Background to story: we've been together 8 years. 9 years ago before i met him, he was on an exchange program in taiwan. There were 2 or 3 girls there he befriended who "had the hots" for him. So, since we've been together 8 years, he basically hasn't spoken to them since before we met. They exchange program was ONLY 2 months anyway, not long enough to form solid lifelong friendships IMO....since he hasn't seen/spoken to them for nearly 10 years.

 

Today: Last week, when he joined facebook I jokingly but somewhat UPSET said, "oh great, all the taiwain girls are going to come out of the woodworks to hunt you down." Come to find out, I see them show up on his page today.

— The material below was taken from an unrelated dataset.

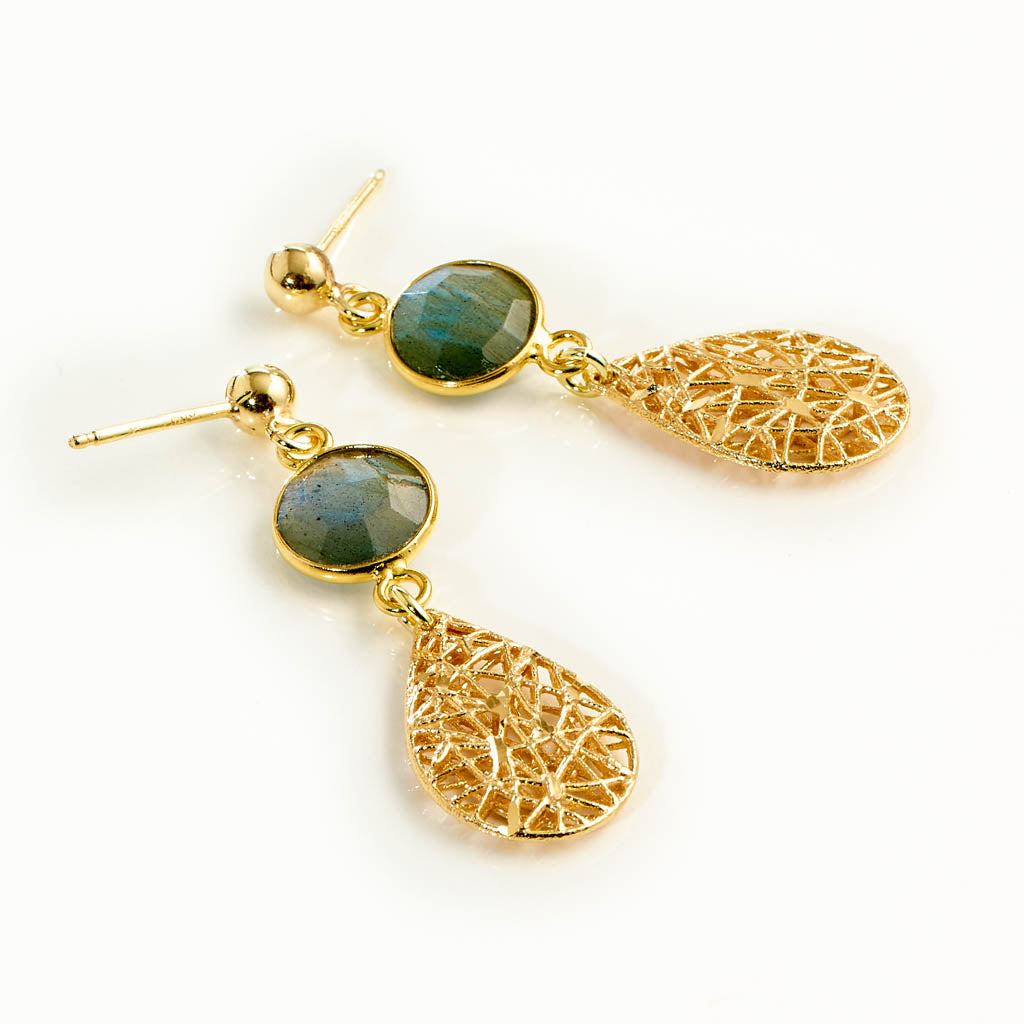 DIVA Mini Caramelli Ohrstecker vergoldet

When he got home from work, I asked him, "so they found you eh?" He said yeah, they hunted me down. Come to find out, he was LYING! He hunted THEM down, and then lied to me about it.

 

This REALLY hurts me that he did this, knowing I was uneasy about it. And then LYING about it made it worse. ALSO, I wouldn't love him hunting them down, but the lying part really bugs me, and really....9 years ago, girls he knew for 2 months.... did he have to do that?

 

Am I just being oversensitive? I know that is the purpose of facebook, to catch up with old friends....but my issues:

1: He knew I wasn't excited about these girls and deliberatly looked them up

2: He LIED about it

3: It was 9 years ago, can you really hang on to just "friendship" that long when it was a 2 month period, and you haven't seen em since?

 

I have had more recent college courses that have been longer, and yet I dont' look up guys from then! It's not like the were long lost friends from college, or even grade school. Should I be upset or am I being crazy and overreacting? Like I said, I know the purpose of this program is to keep up with old friends, but really? Help me out with some advice please!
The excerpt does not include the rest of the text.